§ **INFORMATION SHOWN**
* * * *
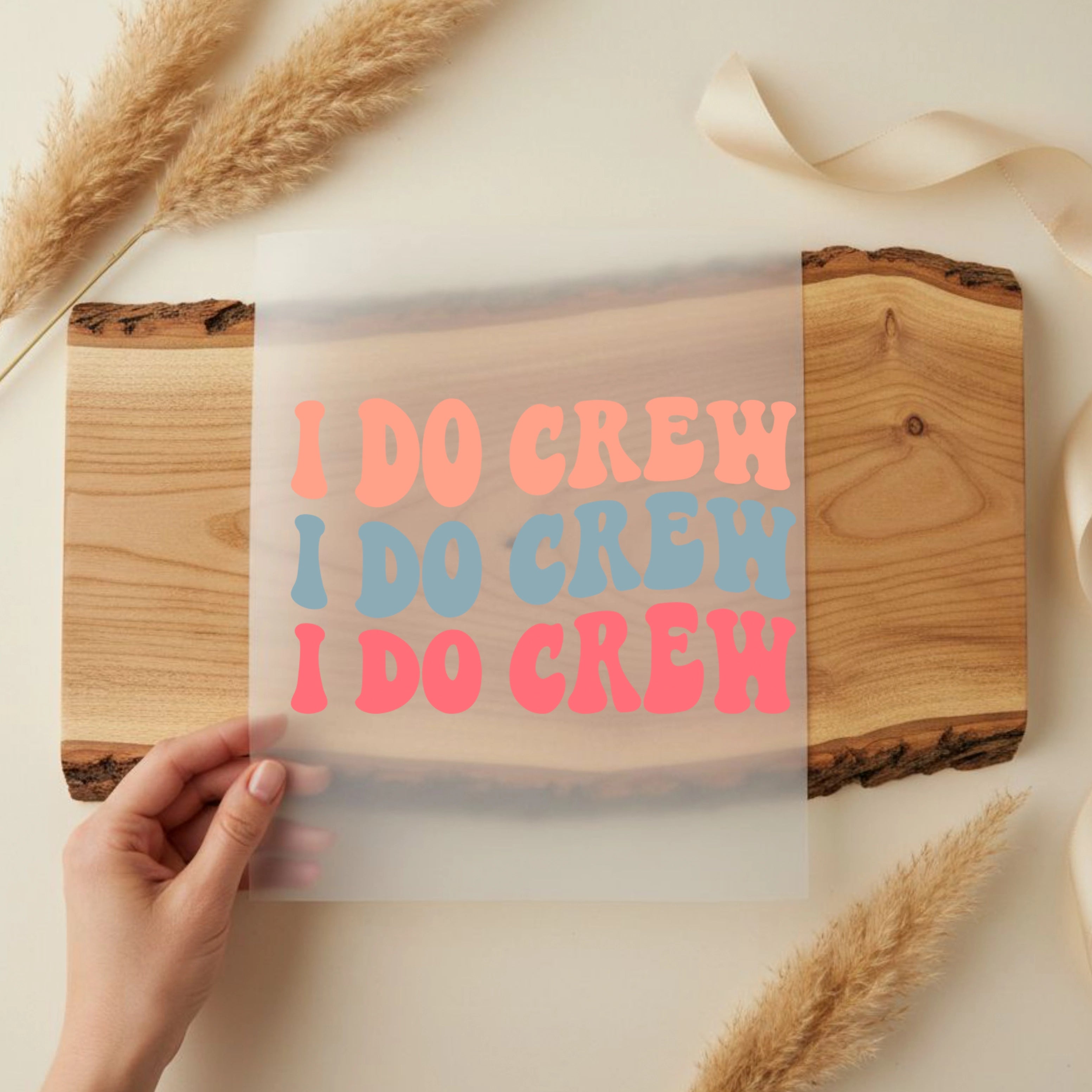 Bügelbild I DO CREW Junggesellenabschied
* * * *
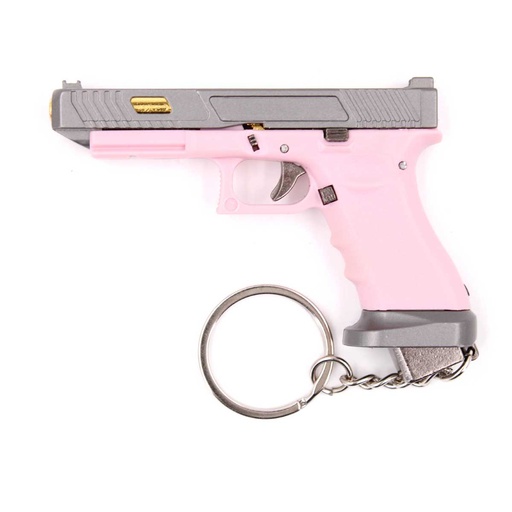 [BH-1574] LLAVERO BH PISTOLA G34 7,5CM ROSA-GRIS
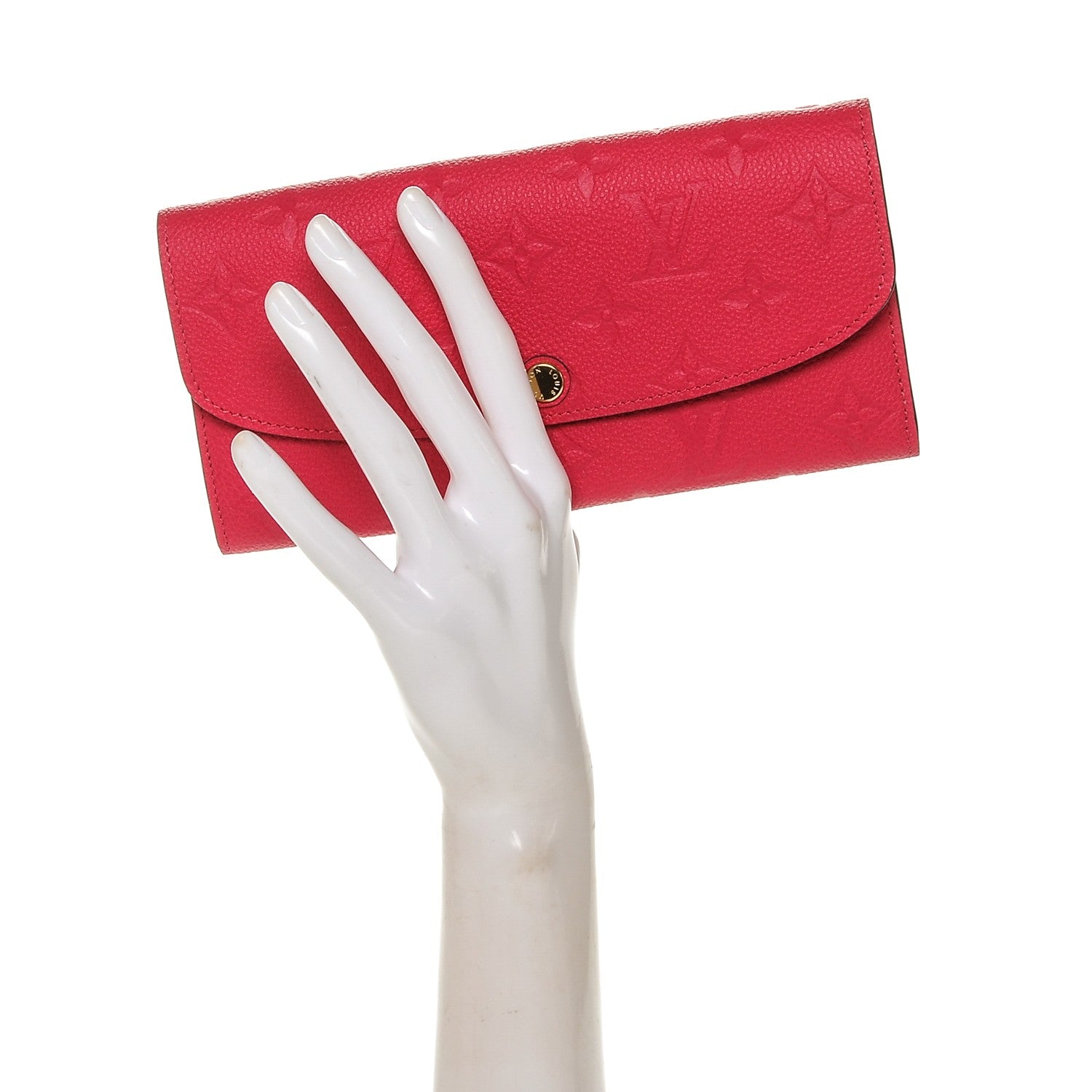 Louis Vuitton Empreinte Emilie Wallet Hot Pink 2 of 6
* * * *
§ **YOUR INSTRUCTIONS**
Although the records hold pictures, the copy must not; give again exactly the lines from the one with "[BH-1574] LLAVERO BH" through the one with "Louis Vuitton Empreinte".

§ **YOUR SOLUTION**
 [BH-1574] LLAVERO BH PISTOLA G34 7,5CM ROSA-GRIS
 Louis Vuitton Empreinte Emilie Wallet Hot Pink 2 of 6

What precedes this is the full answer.